When you hear about a case like this, or the similar fraud committed against
the New York Times by Jayson Blair, you wonder how a world-class publication
gets itself conned by some kid. Maybe the key word is "kid." Maybe the hotshot
newcomers generate an attractive aura around themselves, so that editors would
rather jump on the bandwagon than seem like old fogeys.
"Shattered Glass," written and directed by
Billy Ray and based on a
Vanity Fair article by Buzz Bissinger, relates the rise and fall of the
young charmer in terms of the office culture at the New Republic, which is
written by and for smart people and, crucially, doesn't use photographs.
("Photos would have saved us," one staffer notes, "because there wouldn't have
been any." There were, however, photos with Jayson Blair's stories -- it's
just that the photographer could never seem to find him at the scene of the
story.) The movie is smart about journalism because it is smart about offices;
the typical newsroom is open space filled with desks, and journalists are
actors on this stage; to see a good writer on deadline with a big story is to
watch not simply work but performance.
Stephen Glass was a better actor than most, playing the role of a whiz kid
with bashful narcissism. There is a fascinating and agonizing sequence during
which Lane tries to pin down the slippery details of a Glass story, and Glass
tries to wriggle free. Phone numbers go missing, files are left at home, phone
calls aren't answered, and as it becomes obvious to Lane that the story will
not hold water, a kind of dread begins to grow. We like Glass, too, and we can
see he's trapped; he channels those nightmares we all have about flunking the
big exam. There are a couple of times when Lane seems to have him nailed down
and he squirms free with a desperate but brilliant improvisation, and we're
reminded of Frank Abagnale Jr., the hero of "Catch
Me If You Can," who found an addictive joy in getting praise he did not
deserve.
Glass' fellow workers admire him because (a) he's turning in work they would
have died to have written, and (b) he doesn't rub it in. Two of his most
admiring colleagues, Caitlin Avey and Amy Brand, feel protective toward him; like sisters, they worry that he
works too hard, pushes himself, doesn't take credit, doesn't know how good he
is. A more typical newsroom colleague is Andie Fox over at Forbes Digital Tool; she senses that Penenberg is
onto a really big story, wants a piece of it, and keeps trying to elbow in.

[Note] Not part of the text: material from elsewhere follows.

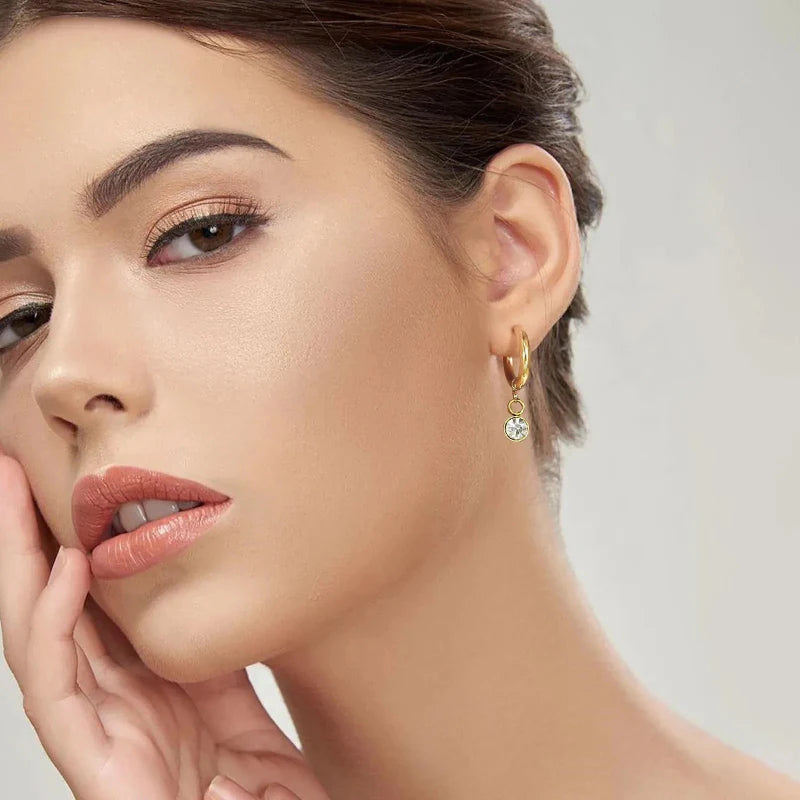 Boucles d'Oreilles Créoles avec Zircon Pierre de Naissance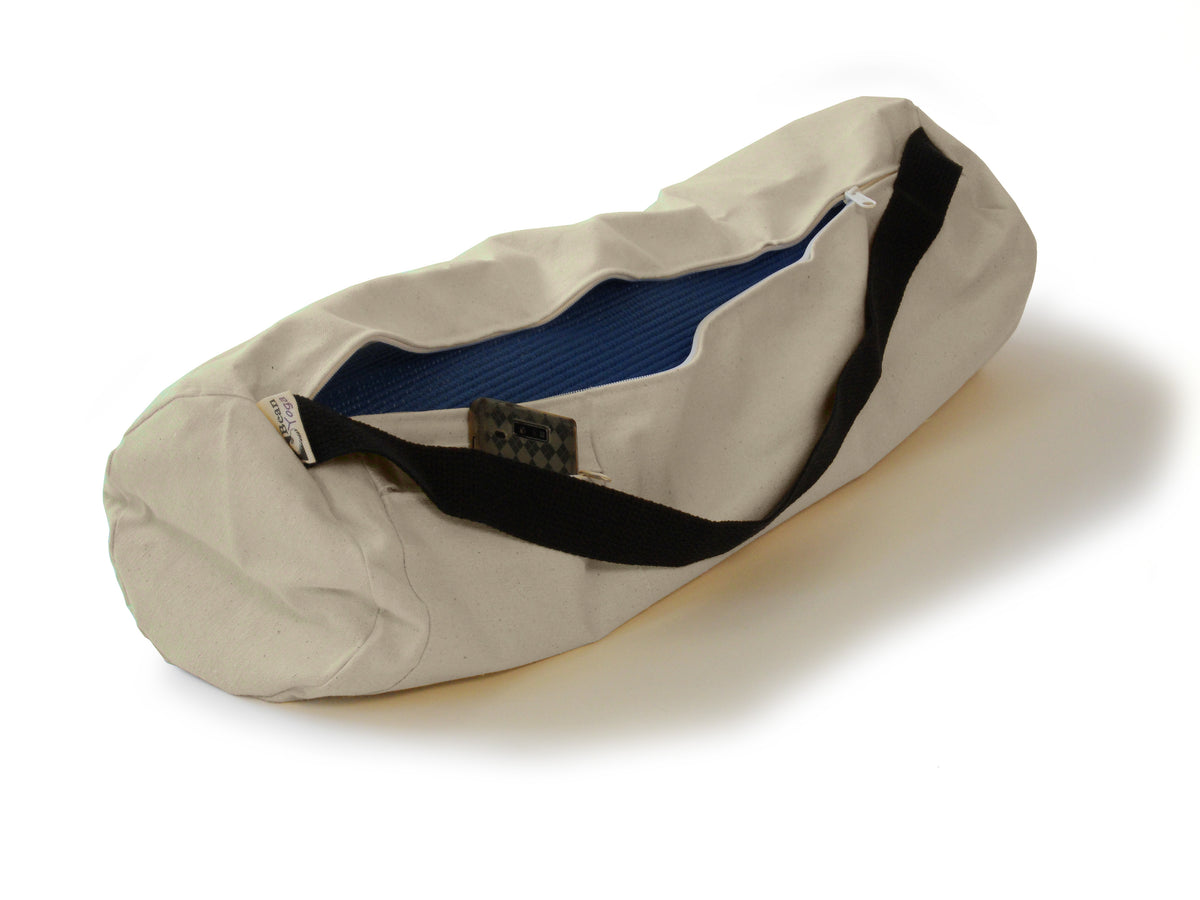 Natural cotton yoga mat bag with simple design and zipper closure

Because "Shattered Glass" is cast so well, with actors who seem to
instinctively embody their parts, it's worth another look at some of
Billy Ray's choices.
Hayden Christensen, who makes Glass' career believable by being utterly
plausible himself, played young Anakin Skywalker in "Star Wars: Attack of the
Clones."
Steve Zahn often plays clueless losers and
Rosario Dawson specializes in sex and action roles; not here.
Chloe Sevigny is a versatile actress, but you might not have thought of
her as a New Republic staffer until you see her here, and she's pitch-perfect.
Peter Sarsgaard has the balancing act as a new editor who happens to be
right but is under enormous pressure to be wrong.
"Shattered Glass" deserves comparison with "All the President's Men" among
movies about journalism, but it's about a type known in many professions: The
guy who seems to be pursuing the office agenda when actually he's pursuing his
own. Filled with a vision of his own success, charming and persuasive, smart,
able to create whole worlds from fictions that work as well as facts, he has
an answer for everything until someone finally thinks to ask the fundamental
question: Is it all a fraud, right down to the bone?
In recent years we have seen vast corporations built on lies, and political
decisions based more on wishes than facts. The engineers of those deceptions
have all been enormously likable, of course. They need to be. We are saved,
from time to time, not so much by the rectitude of the Charles Lanes as by the
dogged curiosity of the Adam Penenbergs.